EXERCISE GOAL>
Once the line with "Souris gris rose" is found, write it out along with each later line exactly, through the end of the entries, skipping every picture.

### DATA UNDER STUDY

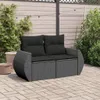 vidaXL Gartensofa mit Kissen 2-Sitzer Schwarz Poly Rattan Produktbild-Vorschau 3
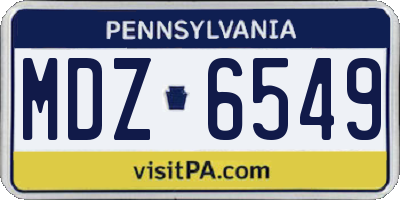 PA license plate MDZ6549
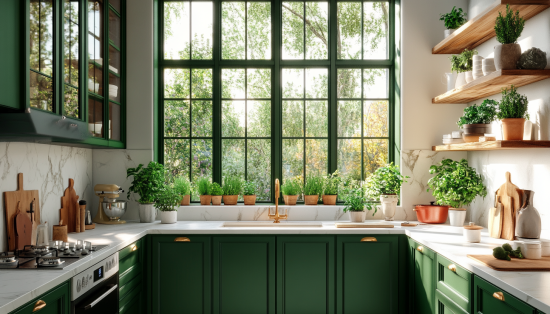 green color kitchen cabinets
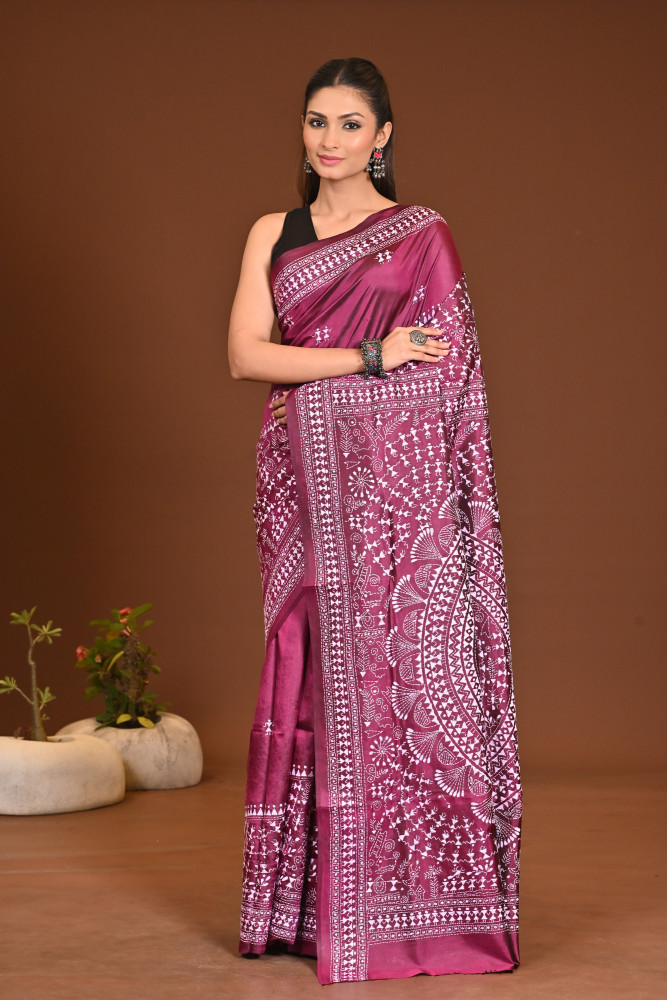 Image of PURE SILK KANTHA SAREE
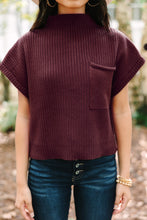 Load image into Gallery viewer, Oatmeal Patch Pocket Ribbed Knit Short Sleeve Sweater

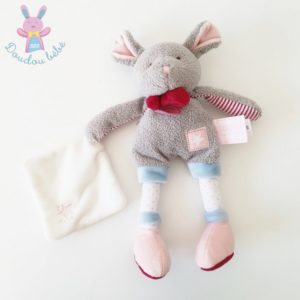 Souris gris rose mouchoir blanc les Ptitous DOUDOU ET COMPAGNIE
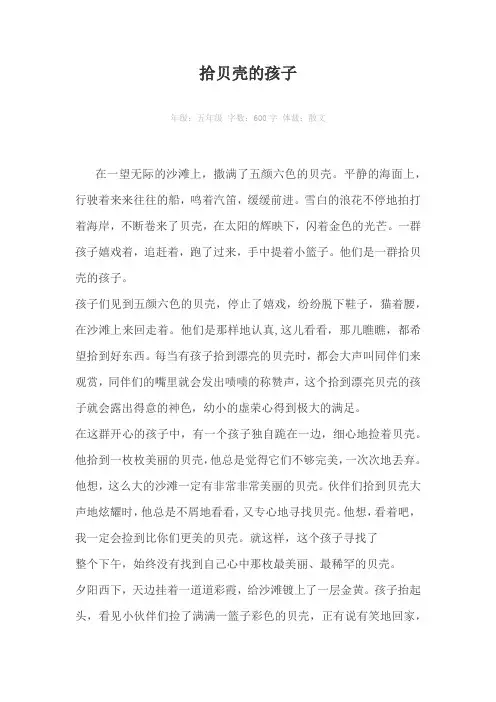 拾贝壳的孩子600字作文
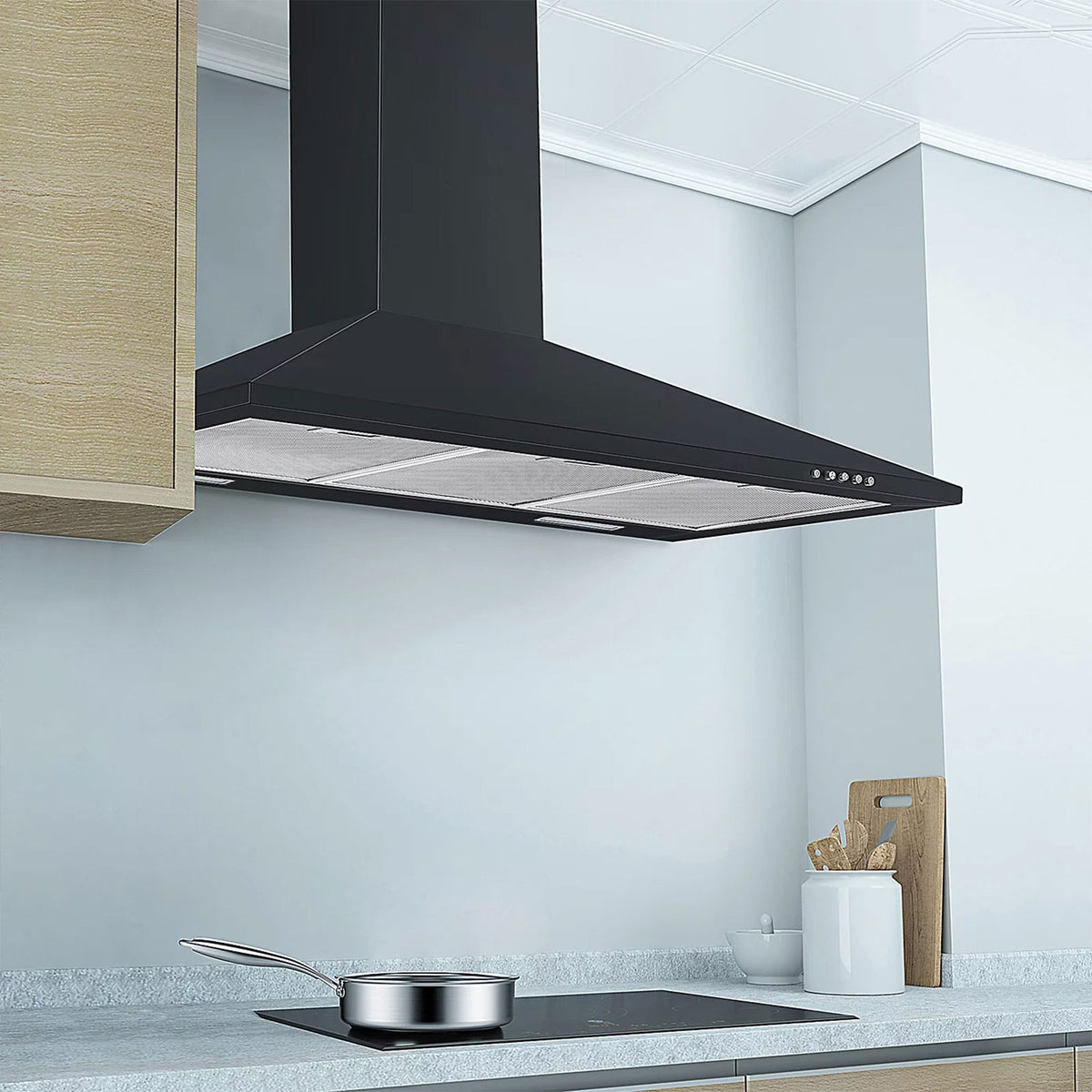 NNCHHB90EU Mild steel Chimney Cooker hood (W)89.5cm - Image 5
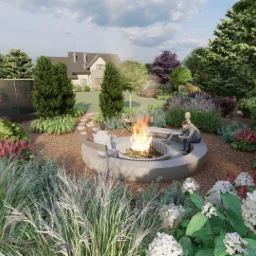 Wizualizacja ogrodu z okrągłym paleniskiem otoczonym betonową ławką, wokół nasadzenia z traw ozdobnych, hortensji i drzew, w tle dom jednorodzinny.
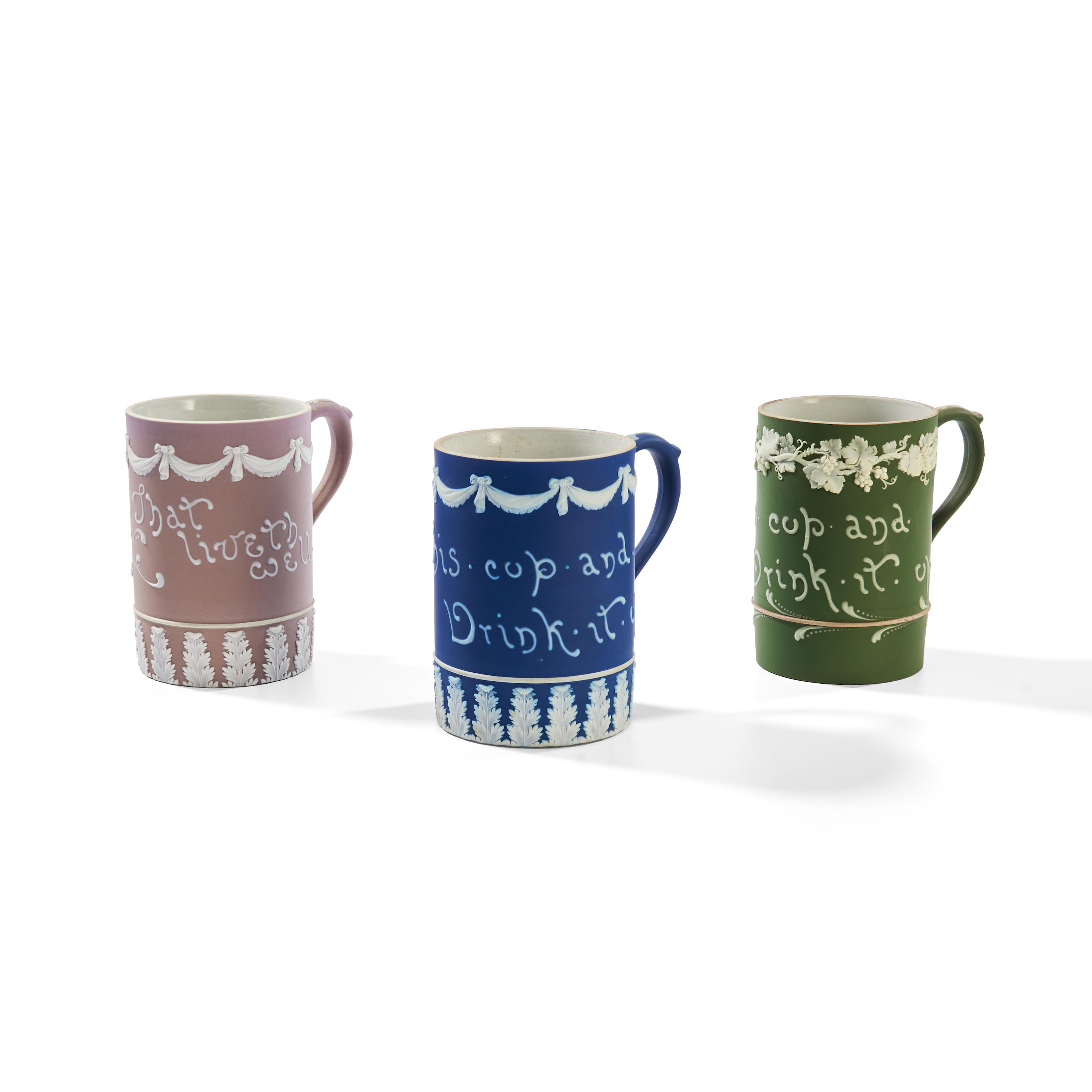 THREE WEDGWOOD JASPER DIP MOTTO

######

ANSWER SPACE>
 Souris gris rose mouchoir blanc les Ptitous DOUDOU ET COMPAGNIE
 拾贝壳的孩子600字作文
 NNCHHB90EU Mild steel Chimney Cooker hood (W)89.5cm - Image 5
 Wizualizacja ogrodu z okrągłym paleniskiem otoczonym betonową ławką, wokół nasadzenia z traw ozdobnych, hortensji i drzew, w tle dom jednorodzinny.
 THREE WEDGWOOD JASPER DIP MOTTO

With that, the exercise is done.